ABOUT THIS TASK: For this exercise, transcribe all the records below exactly.

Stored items
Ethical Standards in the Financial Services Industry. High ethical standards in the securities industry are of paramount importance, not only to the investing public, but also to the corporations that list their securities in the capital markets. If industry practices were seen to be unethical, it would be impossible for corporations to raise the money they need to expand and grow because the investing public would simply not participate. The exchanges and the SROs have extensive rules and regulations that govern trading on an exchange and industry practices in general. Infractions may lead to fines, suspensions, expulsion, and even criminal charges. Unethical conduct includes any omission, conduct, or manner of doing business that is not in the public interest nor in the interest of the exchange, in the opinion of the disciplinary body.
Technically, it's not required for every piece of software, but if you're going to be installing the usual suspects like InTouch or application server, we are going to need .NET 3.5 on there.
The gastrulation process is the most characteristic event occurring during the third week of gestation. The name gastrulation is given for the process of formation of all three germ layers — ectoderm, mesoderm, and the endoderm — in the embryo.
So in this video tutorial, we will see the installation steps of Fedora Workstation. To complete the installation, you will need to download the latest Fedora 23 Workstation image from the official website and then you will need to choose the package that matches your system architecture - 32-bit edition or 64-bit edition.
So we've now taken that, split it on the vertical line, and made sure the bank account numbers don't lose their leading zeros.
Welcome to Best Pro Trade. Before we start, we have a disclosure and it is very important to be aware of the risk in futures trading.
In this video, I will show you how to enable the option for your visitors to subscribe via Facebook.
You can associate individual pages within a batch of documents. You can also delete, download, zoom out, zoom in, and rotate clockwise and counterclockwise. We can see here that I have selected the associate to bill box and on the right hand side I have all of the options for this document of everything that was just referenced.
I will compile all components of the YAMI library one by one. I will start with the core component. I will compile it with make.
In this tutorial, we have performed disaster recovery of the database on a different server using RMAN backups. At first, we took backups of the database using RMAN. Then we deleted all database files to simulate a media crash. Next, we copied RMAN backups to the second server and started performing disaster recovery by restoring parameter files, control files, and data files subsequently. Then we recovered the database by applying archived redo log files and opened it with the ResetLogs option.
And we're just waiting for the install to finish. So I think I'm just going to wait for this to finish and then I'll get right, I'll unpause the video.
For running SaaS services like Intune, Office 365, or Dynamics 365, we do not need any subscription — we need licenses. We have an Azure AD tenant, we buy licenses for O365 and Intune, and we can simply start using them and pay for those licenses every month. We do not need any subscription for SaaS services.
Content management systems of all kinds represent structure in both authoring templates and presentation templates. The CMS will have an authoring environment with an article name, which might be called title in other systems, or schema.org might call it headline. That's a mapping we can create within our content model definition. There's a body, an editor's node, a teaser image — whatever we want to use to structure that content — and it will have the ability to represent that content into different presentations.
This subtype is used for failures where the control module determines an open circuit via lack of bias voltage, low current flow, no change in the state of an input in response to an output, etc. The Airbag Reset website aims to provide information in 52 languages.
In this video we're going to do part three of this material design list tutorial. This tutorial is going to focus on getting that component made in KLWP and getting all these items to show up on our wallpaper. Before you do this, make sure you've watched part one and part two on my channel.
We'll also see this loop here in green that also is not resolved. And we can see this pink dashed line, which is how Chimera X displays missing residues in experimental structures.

SOLUTION FOR THIS TASK:
Ethical Standards in the Financial Services Industry. High ethical standards in the securities industry are of paramount importance, not only to the investing public, but also to the corporations that list their securities in the capital markets. If industry practices were seen to be unethical, it would be impossible for corporations to raise the money they need to expand and grow because the investing public would simply not participate. The exchanges and the SROs have extensive rules and regulations that govern trading on an exchange and industry practices in general. Infractions may lead to fines, suspensions, expulsion, and even criminal charges. Unethical conduct includes any omission, conduct, or manner of doing business that is not in the public interest nor in the interest of the exchange, in the opinion of the disciplinary body.
Technically, it's not required for every piece of software, but if you're going to be installing the usual suspects like InTouch or application server, we are going to need .NET 3.5 on there.
The gastrulation process is the most characteristic event occurring during the third week of gestation. The name gastrulation is given for the process of formation of all three germ layers — ectoderm, mesoderm, and the endoderm — in the embryo.
So in this video tutorial, we will see the installation steps of Fedora Workstation. To complete the installation, you will need to download the latest Fedora 23 Workstation image from the official website and then you will need to choose the package that matches your system architecture - 32-bit edition or 64-bit edition.
So we've now taken that, split it on the vertical line, and made sure the bank account numbers don't lose their leading zeros.
Welcome to Best Pro Trade. Before we start, we have a disclosure and it is very important to be aware of the risk in futures trading.
In this video, I will show you how to enable the option for your visitors to subscribe via Facebook.
You can associate individual pages within a batch of documents. You can also delete, download, zoom out, zoom in, and rotate clockwise and counterclockwise. We can see here that I have selected the associate to bill box and on the right hand side I have all of the options for this document of everything that was just referenced.
I will compile all components of the YAMI library one by one. I will start with the core component. I will compile it with make.
In this tutorial, we have performed disaster recovery of the database on a different server using RMAN backups. At first, we took backups of the database using RMAN. Then we deleted all database files to simulate a media crash. Next, we copied RMAN backups to the second server and started performing disaster recovery by restoring parameter files, control files, and data files subsequently. Then we recovered the database by applying archived redo log files and opened it with the ResetLogs option.
And we're just waiting for the install to finish. So I think I'm just going to wait for this to finish and then I'll get right, I'll unpause the video.
For running SaaS services like Intune, Office 365, or Dynamics 365, we do not need any subscription — we need licenses. We have an Azure AD tenant, we buy licenses for O365 and Intune, and we can simply start using them and pay for those licenses every month. We do not need any subscription for SaaS services.
Content management systems of all kinds represent structure in both authoring templates and presentation templates. The CMS will have an authoring environment with an article name, which might be called title in other systems, or schema.org might call it headline. That's a mapping we can create within our content model definition. There's a body, an editor's node, a teaser image — whatever we want to use to structure that content — and it will have the ability to represent that content into different presentations.
This subtype is used for failures where the control module determines an open circuit via lack of bias voltage, low current flow, no change in the state of an input in response to an output, etc. The Airbag Reset website aims to provide information in 52 languages.
In this video we're going to do part three of this material design list tutorial. This tutorial is going to focus on getting that component made in KLWP and getting all these items to show up on our wallpaper. Before you do this, make sure you've watched part one and part two on my channel.
We'll also see this loop here in green that also is not resolved. And we can see this pink dashed line, which is how Chimera X displays missing residues in experimental structures.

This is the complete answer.